→ **DATASET SECTION**:
------------------------------------------------------------------------
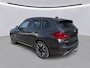 BMW iX3 High Executive 80 kWh | Panoramadak | Harman Kardon | Stoelverwarming | Adaptive Cruise Control | Head-Up Display | Memory Seat | 360 Camera | Ambiance Verlichting | Adaptief Onderstel | Adaptive LED | Trekhaak |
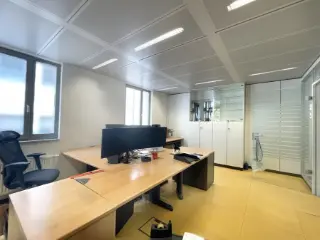 Bureaux à louer Wasserbillig (RBT26366)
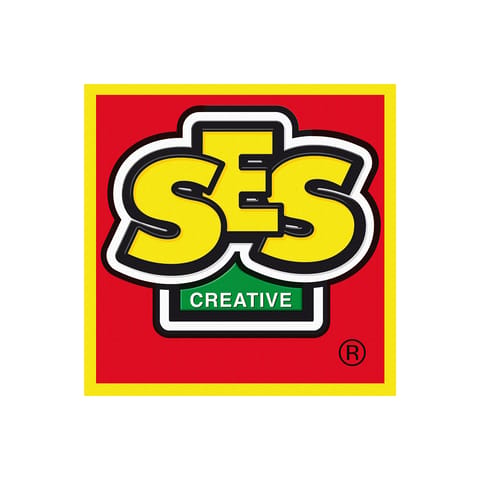 SES Creative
------------------------------------------------------------------------
→ **TASK**: All of the material above is to be copied exactly, except for its images.

→ **RESPONSE BELOW**:
 BMW iX3 High Executive 80 kWh | Panoramadak | Harman Kardon | Stoelverwarming | Adaptive Cruise Control | Head-Up Display | Memory Seat | 360 Camera | Ambiance Verlichting | Adaptief Onderstel | Adaptive LED | Trekhaak |
 Bureaux à louer Wasserbillig (RBT26366)
 SES Creative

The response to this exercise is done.